Bertrand Russell, on Free Will

Happy New year !

The notion of free will is a very interesting one, and as we are living in a time where people are talking of robot intelligence and where people are still adamant about religion and what they call or perceive as “freedom”, I think it’s only fair to remind this brilliant excerpt from “Religion and Science” by the late Bertrand Russell, that among all the great things he wrote struck me with its clarity and depth.

russell_color(yeah, I’m bootstrapping on Maria Popova’s Brainpickings !)

Psychology and physiology, in so far as they bear upon the question of free will, tend to make it improbable. Work on internal secretions, increased knowledge of function of different part of the brain, Pavlov’s investigations of conditioned reflexes, and the psycho-analytic study of the effects of repressed memories and desires, have all contributed to the discovery of causal laws governing mental phenomena. None of them, of course, have disproved the possibility of free will, but the have made it highly probable that, if uncaused volitions do ever occur, they are very rare.

The emotional importance supposed to belong to free will seems to me to rest mainly upon certain confusions of thought. People imagine that, if the will has causes, they may be compelled to things that they do not wish to do. This, of course, is a mistake; the wish is the cause of action, even if the wish itself has causes. We cannot do what we would rather not do, but it seems unreasonable to complain about this limitation. It is unpleasant when our wishes are thwarted, but this is no more likely to happen if they are caused than if they are uncaused. Nor does determinism warrant the feeling that we are important. Power consists in being able to have intended effects, and this is neither increased or diminished by the discovery of causes of our intentions.
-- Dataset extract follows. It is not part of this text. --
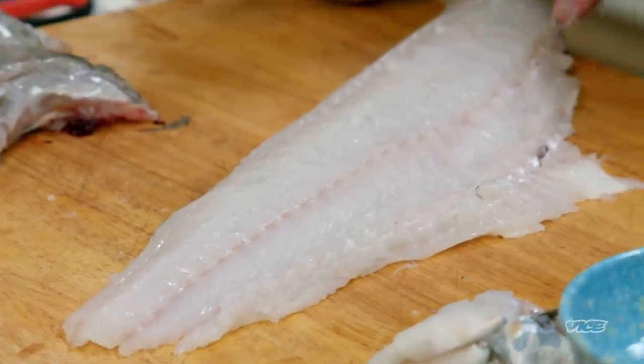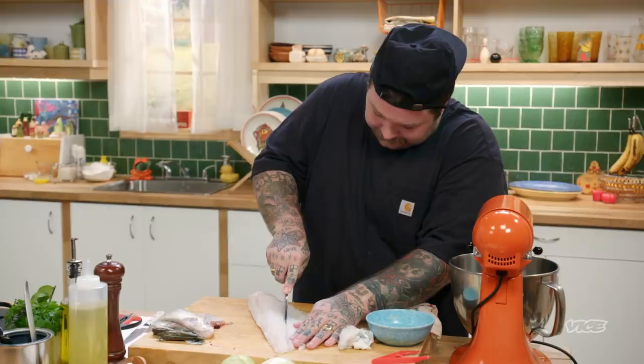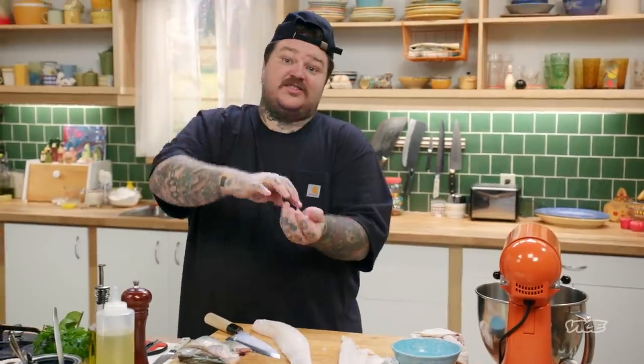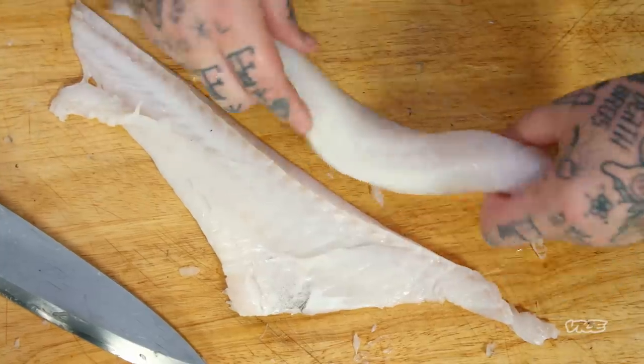See this line right down the middle? If you don't want to pin bone it, take your knife and cut along the side of it, then go along the other side. All the bones are just right in here. That's a lot easier than picking all those bones out. We have beautiful little fillets. You guys can do this at home, or you can just buy fillets as well. Don't buy frozen fillets. Don't buy fillets that are already on display — bust that fishmonger's balls and make sure they fillet a fresh fish for you.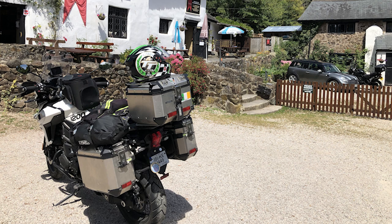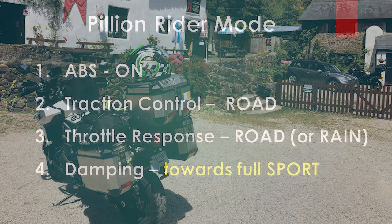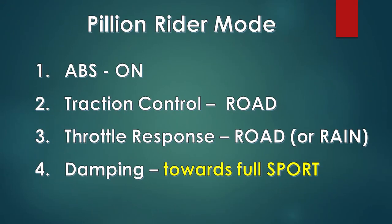You might also consider a pillion mode if you regularly ride two-up or heavily loaded. You get a better ride with the damping set more towards the higher end — more towards sport — as this controls the extra weight and gives a better ride. The rider mode might look like a regular everyday mode: ABS on, traction control to road, throttle to road, but with damping preset higher up towards the sport level to control that load. Alternatively, you might use rain mode for your throttle map, giving smoother acceleration which could be easier on your pillion.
Believers in free will always, in another mental compartment, believe simultaneously that volitions have causes. They think, for example, that virtue can be inculcated by a good upbringing, and that religious education is very useful to morals. They believe that sermons do good, and that moral exhortation may be beneficial. Now it is obvious that, if virtuous volitions are uncaused, we cannot do anything whatever to promote them. Top the extent to which a man believes that it is in his power, or in any man’s power, to promote desirable behaviors in others, to that extent he believes in psychological causation and not in free will. In practice, the whole of our dealings with each other are based upon the assumption that men’s actions result from antecedent circumstances. Political propaganda, the criminal law, the writing of books urging this or that line of action, would all lose their raison d’être if they had no effect upon what people do. The implication of the free-will doctrine are not realized by those who hold it. We say “why did you do it?” and expect the answer to mention beliefs and desires which caused action. When a man does not himself know why he acted as he did, we may search his unconscious for a cause, but it never occurs to us that there may have been no cause.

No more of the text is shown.